YOUR OBJECTIVE:
A stretch of the entries below is to be set down exactly, running from the line with "this 375×211 image." through the line with "this 844×767 image.", both included, and no other line.

MATERIAL FOR THIS TASK:
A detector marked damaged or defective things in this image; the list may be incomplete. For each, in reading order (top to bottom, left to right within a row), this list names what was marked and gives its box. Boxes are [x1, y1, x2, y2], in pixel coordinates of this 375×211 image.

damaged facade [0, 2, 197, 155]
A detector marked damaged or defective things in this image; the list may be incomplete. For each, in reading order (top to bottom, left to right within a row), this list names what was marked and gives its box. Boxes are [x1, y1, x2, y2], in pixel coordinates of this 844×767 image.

---

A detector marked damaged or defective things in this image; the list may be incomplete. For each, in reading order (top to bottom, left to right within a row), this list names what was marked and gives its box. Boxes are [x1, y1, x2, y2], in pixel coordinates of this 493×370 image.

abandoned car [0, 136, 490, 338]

...

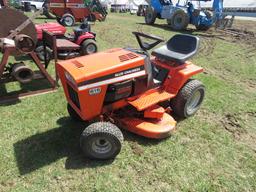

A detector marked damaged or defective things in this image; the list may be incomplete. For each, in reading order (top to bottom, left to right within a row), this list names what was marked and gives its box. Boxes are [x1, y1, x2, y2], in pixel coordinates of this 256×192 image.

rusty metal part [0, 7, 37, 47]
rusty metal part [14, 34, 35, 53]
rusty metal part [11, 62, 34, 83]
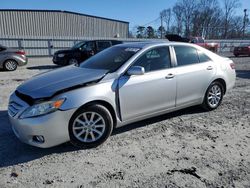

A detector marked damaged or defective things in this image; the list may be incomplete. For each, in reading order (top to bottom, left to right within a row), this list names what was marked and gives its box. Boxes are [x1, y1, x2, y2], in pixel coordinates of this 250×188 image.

RESPONSE TO THIS EXERCISE:
A detector marked damaged or defective things in this image; the list may be incomplete. For each, in reading order (top to bottom, left to right within a row), this list names what was marked and gives its box. Boxes are [x1, y1, x2, y2], in pixel coordinates of this 375×211 image.

damaged facade [0, 2, 197, 155]
A detector marked damaged or defective things in this image; the list may be incomplete. For each, in reading order (top to bottom, left to right within a row), this list names what was marked and gives its box. Boxes are [x1, y1, x2, y2], in pixel coordinates of this 844×767 image.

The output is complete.